CS030 -- Introduction to Computer Science II
Fall, 2005
Assignment 7
(updated 10/18/2005)


Programming Project:
This week, you will extend your Neural Network project so that it can learn to classify inputs, or in other words to compute an arbitrary function.

First, in order to train a network, we need to distinguish the actual activation from the symbolic value we associate with a particular activation.  For example, an activation of 0.91 may be treated as an output of "1" but we will need the 0.91 when it comes time to train the network.

Second, it is convenient to treat the threshold as just another weight with an artificial input that is constantly -1.  Thus, w0 is usually the effective threshold with a constant -1 input, x0.  Then w1 through wn are the weights for the actual inputs to the LTU.  When you compute the weighted sum from 0 to n, the sum will be greater than 0 when the weighted sum of the actual inputs exceed the threshold (weight on x0).

Third, rather than using the step function we used before to determine a unit's output, we can use a sigmoid function that has certain nice properties.  The commonly used function is: sigma(x)=1/(1+e-x), where is the weighted sum for a given node.  For example, a hidden node j, would have weighted sum Xj (including the threshold, x0), and would have an output, Yj = 1/(1+e-Xj). 
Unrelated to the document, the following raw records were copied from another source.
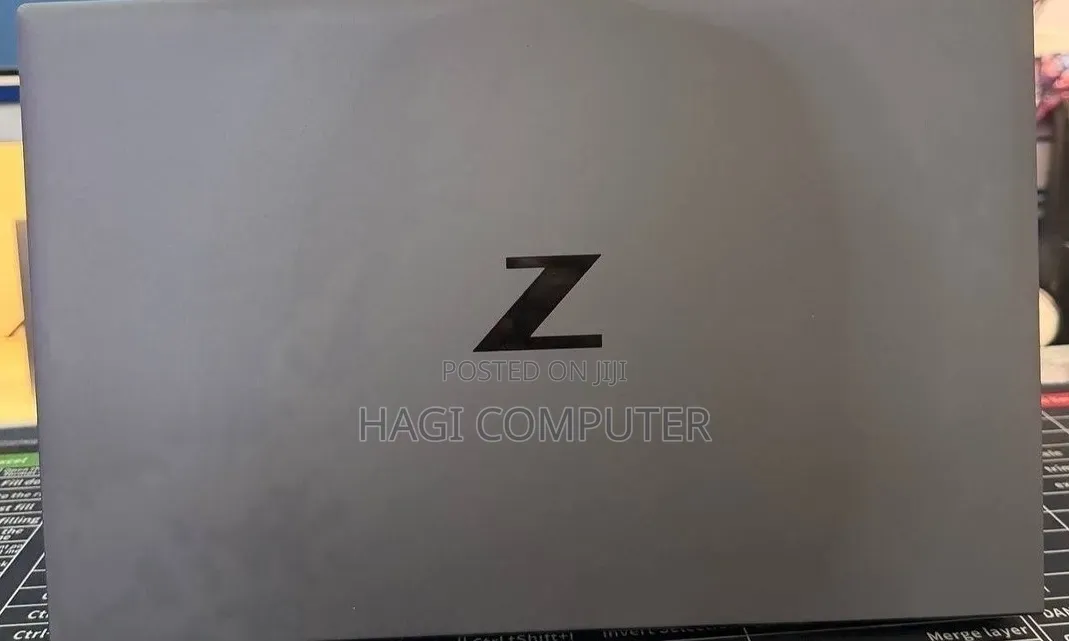 New Laptop HP ZBook Firefly 15 G7 16GB Intel Core i7 SSD 512GB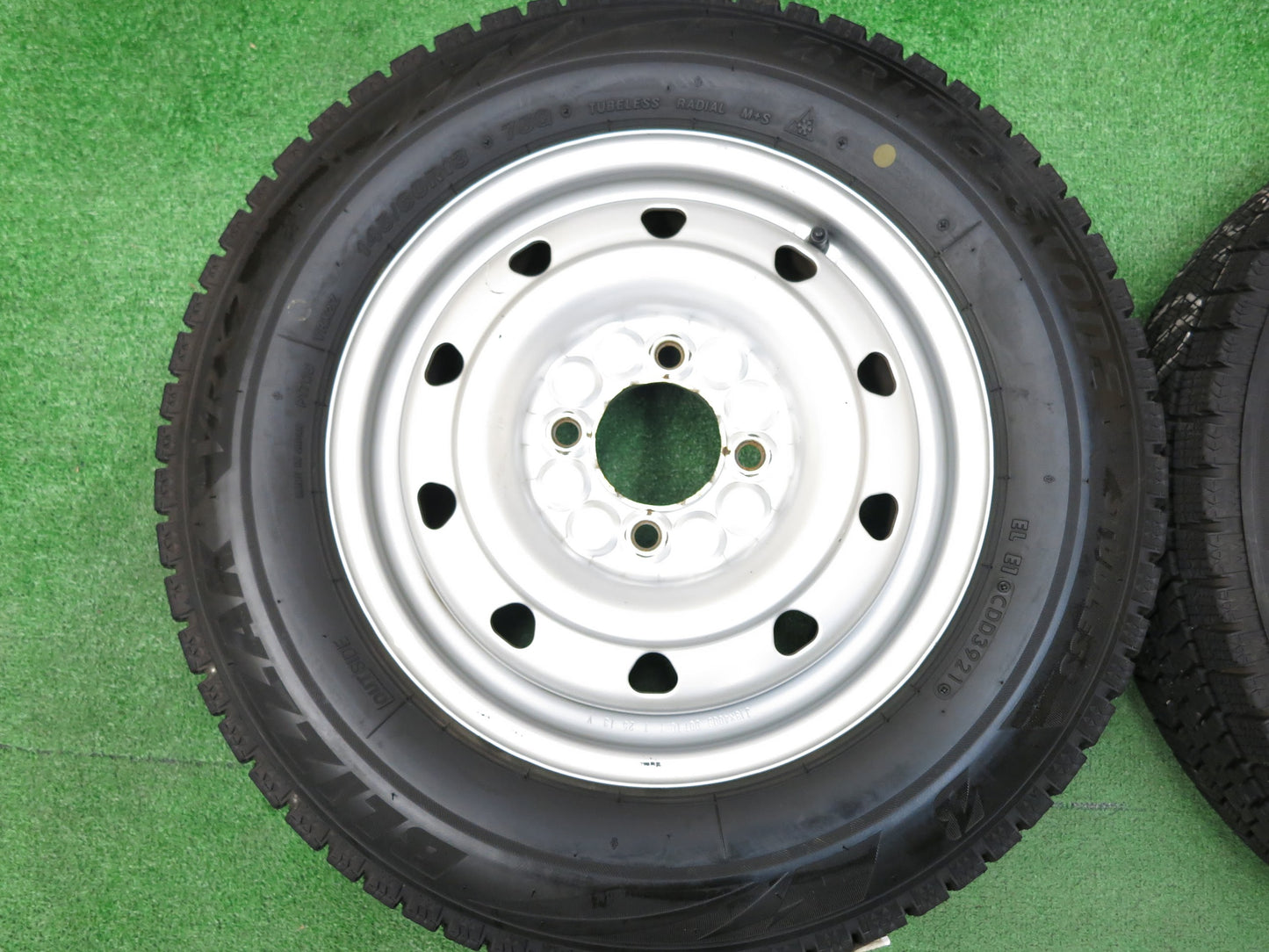 [送料無料]バリ溝！21年！9.5分★スタッドレス 145/80R13 ブリヂストン ブリザック VRX2 スチール ホイール 13インチ PCD100/4H★2121705ヒス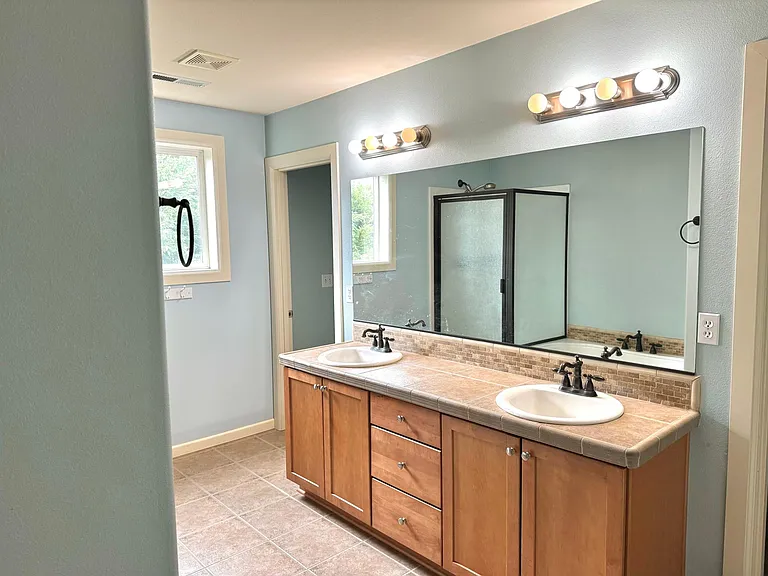 5817 NE 59th Ave — Photo 13
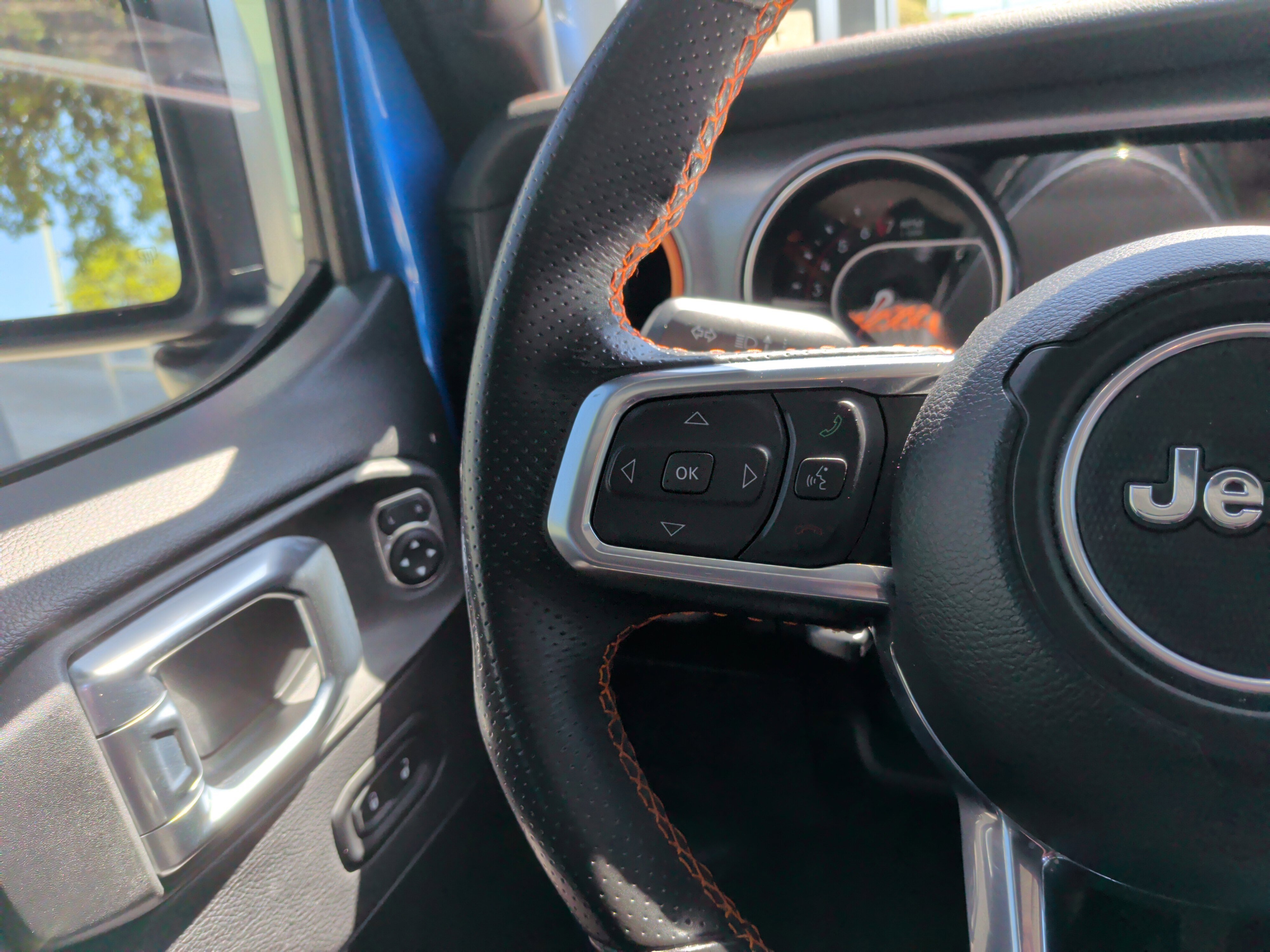 Used 2022 Jeep Gladiator Mojave image 17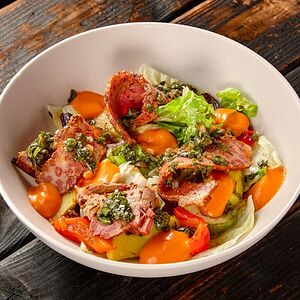 Салат с пастрами и печеными овощами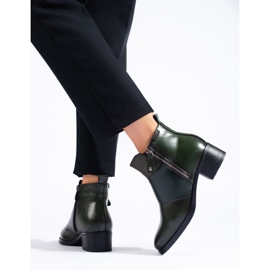 Tmavě zelené dámské kotníkové boty značky Vinceza zelená 3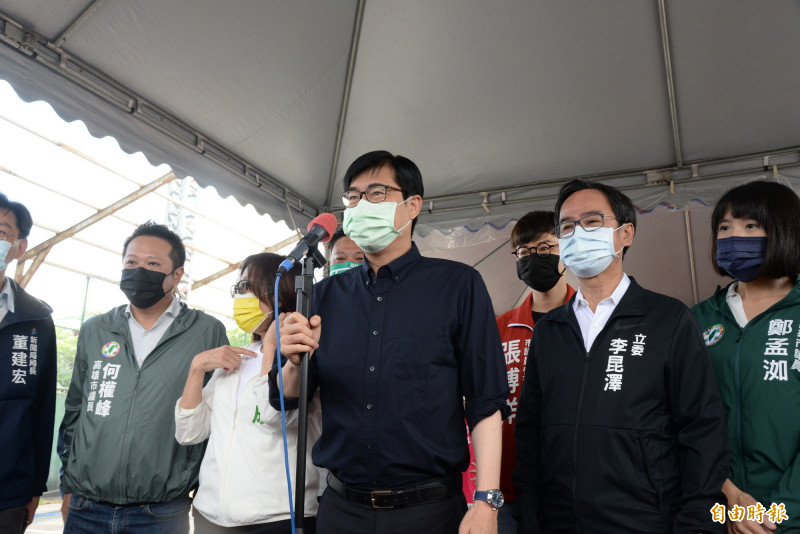 高雄市長陳其邁表示，高雄代表隊參加世界少棒賽的經費，台鋼雄鷹已樂意協助。（記者許麗娟攝）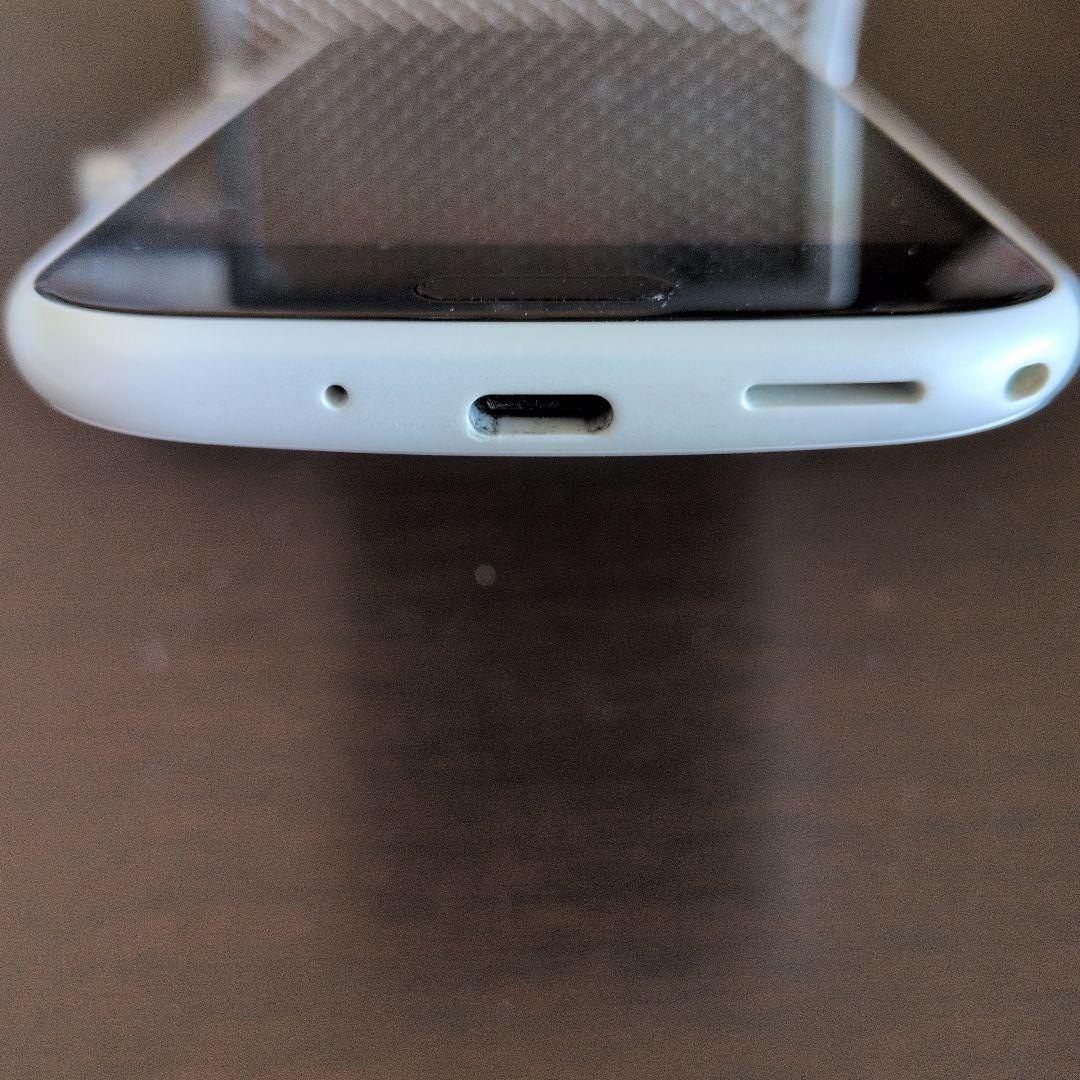 docomo らくらくスマートフォン F-52B 本体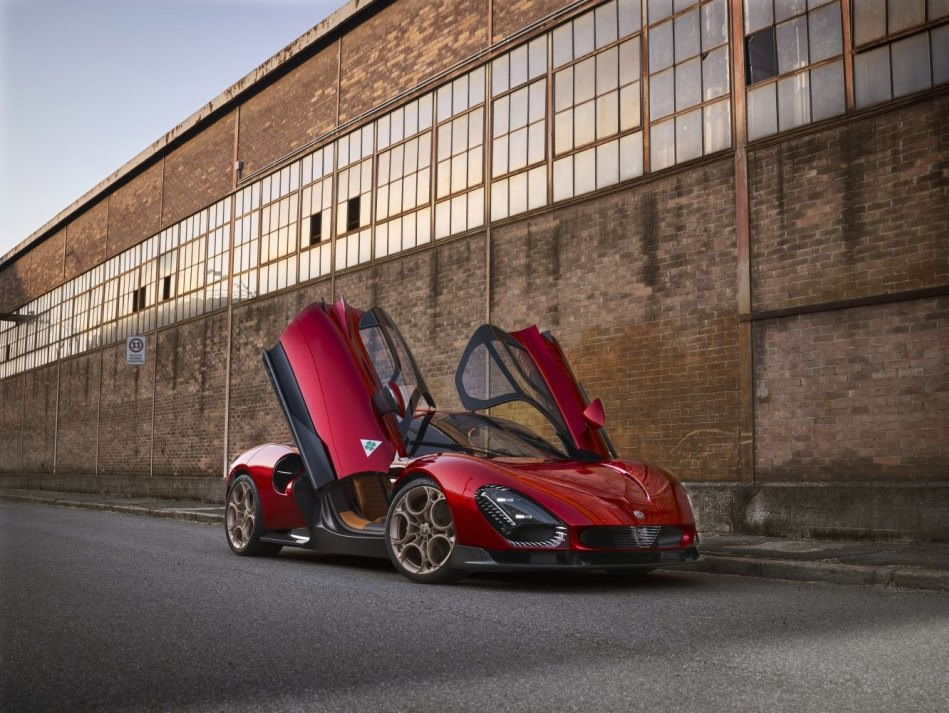 Test af Alfa Romeo 33 Stradale 2023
Now, we get to training.  An error signal for node k is the difference between the desired output and the actual output (as given by the sigmoid function).  Thus, ek=dk-yk, where ek is the error for desired output dk and actual output yk.  Now we want to use the error to follow the gradient toward the ideal weight settings across the network.  So taking the derivative we get a error gradient, gk=yk (1-yk) ek, for each output node k, and gj=yj (1-yj) sum(wjk gk) for each hidden layer node j.  Here, the wjk is the weight on the network link between hidden unit j and output unit k.

Finally, during training, wij gets replaced with by wij + a xi gj for weight wij on link between input unit i and hidden unit j, where a is a learning rate parameter that you can hold constant at some small value less than 1.0.  Similarly, weight wjk becomes wjk + a yj gk, for weight on link between hidden node j and output node k, where yj is the sigmoid activation for node j and gk is the error gradient for output node k.

So modify your LTU and NeuralNetwork classes to accomodate training.  Add a method, trainOutputs(int[]), to your NeuralNetwork that consumes the desired array of outputs and alters the weights throughout the network accordingly.  [If you want, you may assume that setInputs and getOutputs have already been called.  --wfi 10/18, 6:14pm]  I want you to consider a seven-segment LED that displays the digits 0-9.  Associate one input with each of the LED segments.  Try a network with four outputs and a binary encoding of the output signals determining the output value.  For example, an output of 0,1,0,0 could represent the digit 8.  Then train your network to correctly predict this.

Submission Instructions:
On your machine where you are doing your homework, create a folder called <your email name> followed by "A7".  For example, someone with email address "cjones" would create a folder called "cjonesA7".  Inside that folder, place plain text file(s) containing your answers to any exercises.  Also, place whatever Java files are necessary for your Programming Projects in the same folder.  Finally, either tar or zip the folder so that when I extract it, the folder "<emailname>A7" will be created.  Finally, submit via Eureka.